Segment Start: Data listing
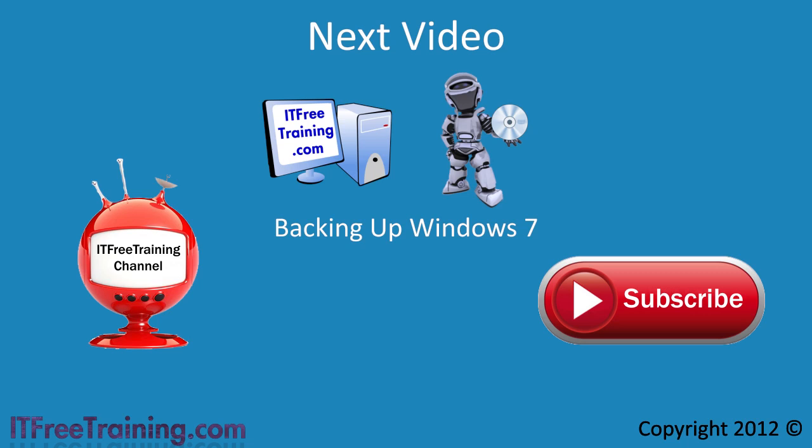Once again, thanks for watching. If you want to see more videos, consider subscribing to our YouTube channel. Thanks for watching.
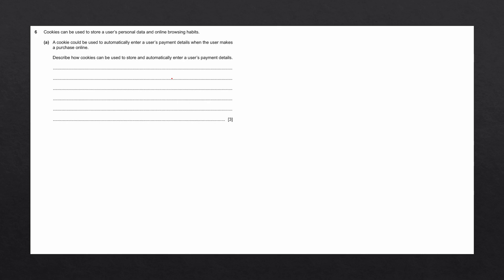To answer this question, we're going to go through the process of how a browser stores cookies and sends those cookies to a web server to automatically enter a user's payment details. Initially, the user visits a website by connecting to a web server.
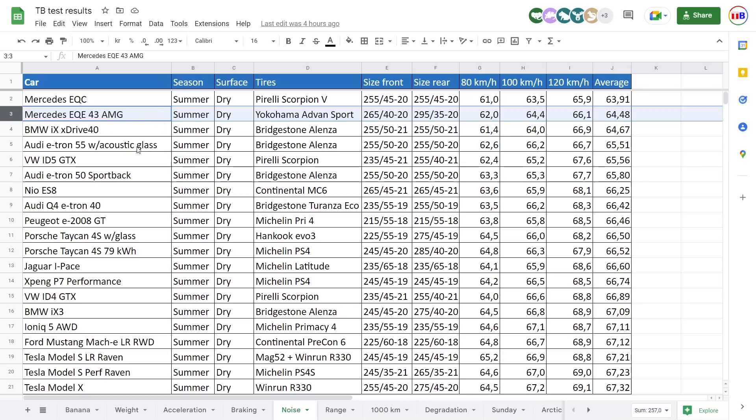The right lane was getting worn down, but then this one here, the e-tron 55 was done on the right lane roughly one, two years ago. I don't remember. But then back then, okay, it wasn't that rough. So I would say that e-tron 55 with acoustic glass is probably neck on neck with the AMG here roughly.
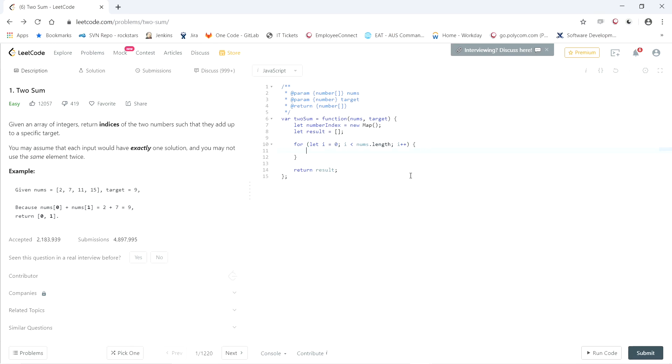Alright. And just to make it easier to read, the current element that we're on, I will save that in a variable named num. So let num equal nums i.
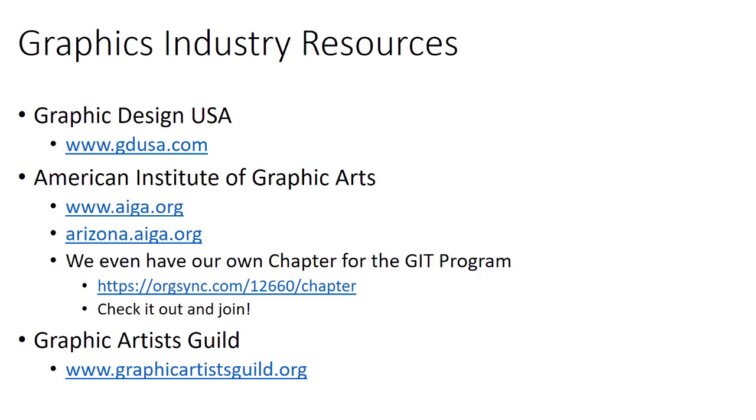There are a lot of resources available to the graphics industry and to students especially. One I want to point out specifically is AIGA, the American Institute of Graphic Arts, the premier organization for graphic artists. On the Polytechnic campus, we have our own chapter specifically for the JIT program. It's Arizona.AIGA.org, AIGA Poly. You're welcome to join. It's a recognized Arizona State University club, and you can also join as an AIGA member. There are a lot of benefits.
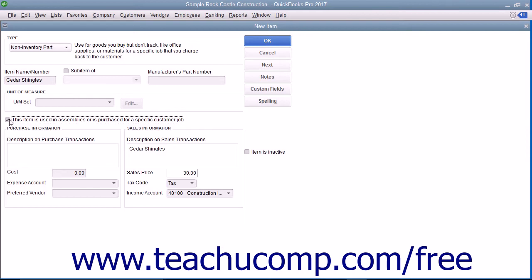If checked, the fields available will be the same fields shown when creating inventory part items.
Segment End: Data listing
* _Directions_: Find the line that contains "Alright. And just", then write out that line and each one after it, exactly and with nothing else, through the end of the entries above, without the pictures.

* _Task response_:
Alright. And just to make it easier to read, the current element that we're on, I will save that in a variable named num. So let num equal nums i.
There are a lot of resources available to the graphics industry and to students especially. One I want to point out specifically is AIGA, the American Institute of Graphic Arts, the premier organization for graphic artists. On the Polytechnic campus, we have our own chapter specifically for the JIT program. It's Arizona.AIGA.org, AIGA Poly. You're welcome to join. It's a recognized Arizona State University club, and you can also join as an AIGA member. There are a lot of benefits.
If checked, the fields available will be the same fields shown when creating inventory part items.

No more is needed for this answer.